Ahn, Soi; Kim, Hyeon-Su; Byon, Jae-Young; Lim, Hancheol.
Afiliación
  • Ahn S; Environmental Satellite Center (ESC), National Institute of Environmental Research (NIER), 42, Hwangyeong-ro, Seo-gu, Incheon 22689, Republic of Korea.
  • Kim HS; National Meteorological Satellite Center (NMSC), Korea Meteorological Administration (KMA), Jincheon-gun 27803, Republic of Korea.
  • Byon JY; National Meteorological Satellite Center (NMSC), Korea Meteorological Administration (KMA), Jincheon-gun 27803, Republic of Korea.
  • Lim H; National Meteorological Satellite Center (NMSC), Korea Meteorological Administration (KMA), Jincheon-gun 27803, Republic of Korea.
Sensors (Basel) ; 24(5)2024 Feb 25.
Article en En | MEDLINE | ID: mdl-38475026
ABSTRACT
The Advanced Meteorological Image (AMI) onboard GEOKOMPSAT 2A (GK-2A) enables the retrieval of dust aerosol optical depth (DAOD) from geostationary satellites using infrared (IR) channels. IR observations allow the retrieval of DAOD and the dust layer altitude (24 h) over surface properties, particularly over deserts. In this study, dust events in northeast Asia from 2020 to 2021 were investigated using five GK-2A thermal IR bands (8.7, 10.5, 11.4, 12.3, and 13.3 µm). For the dust cloud, the brightness temperature differences (BTDs) of 10.5 and 12.3 µm were consistently negative, while the BTD of 8.7 and 10.5 µm varied based on the dust intensity. This study exploited these optical properties to develop a physical approach for DAOD lookup tables (LUTs) using IR channels to retrieve the DAOD. To this end, the characteristics of thermal radiation transfer were simulated using the forward model; dust aerosols were explained by BTD (10.5, 12.3 µm)-an intrinsic characteristic of dust aerosol.

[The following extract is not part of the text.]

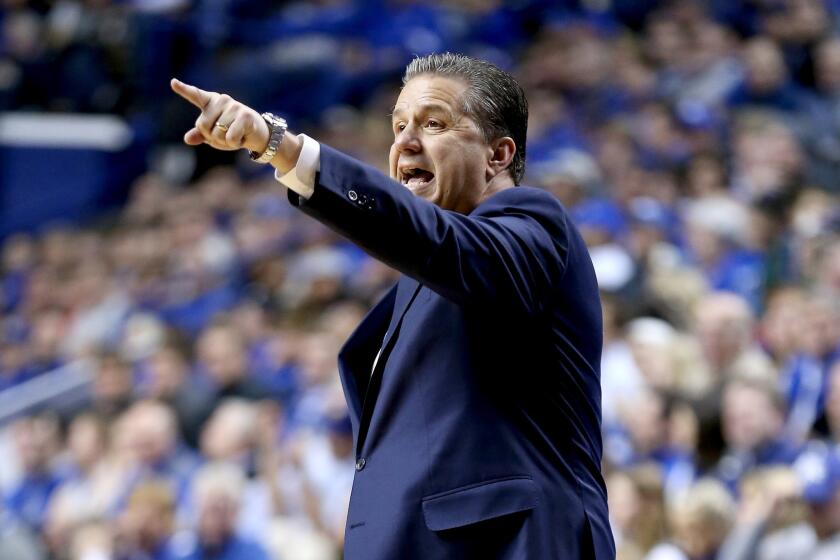 Kentucky Coach John Calipari gives insturctions to his team during a game against Mississippi State on Jan. 12.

The DAOD and dust properties were gained from a brightness temperature (BT) of 10.5 µm and BTD of 10.5, 12.3 µm. Additionally, the cumulative distribution function (CDF) was employed to strengthen the continuity of 24-h DAOD. The CDF was applied to the algorithm by calculating the conversion value coefficient for the DAOD error correction of the IR, with daytime visible aerosol optical depth as the true value. The results show that the DAOD product can be successfully applied during the daytime and nighttime to continuously monitor the flow of yellow dust from the GK-2A satellite in northeast Asia. In particular, the validation results for IR DAOD were similar to the active satellite product (CALIPSO/CALIOP) results, which exhibited a tendency similar to that for IR DAOD at night.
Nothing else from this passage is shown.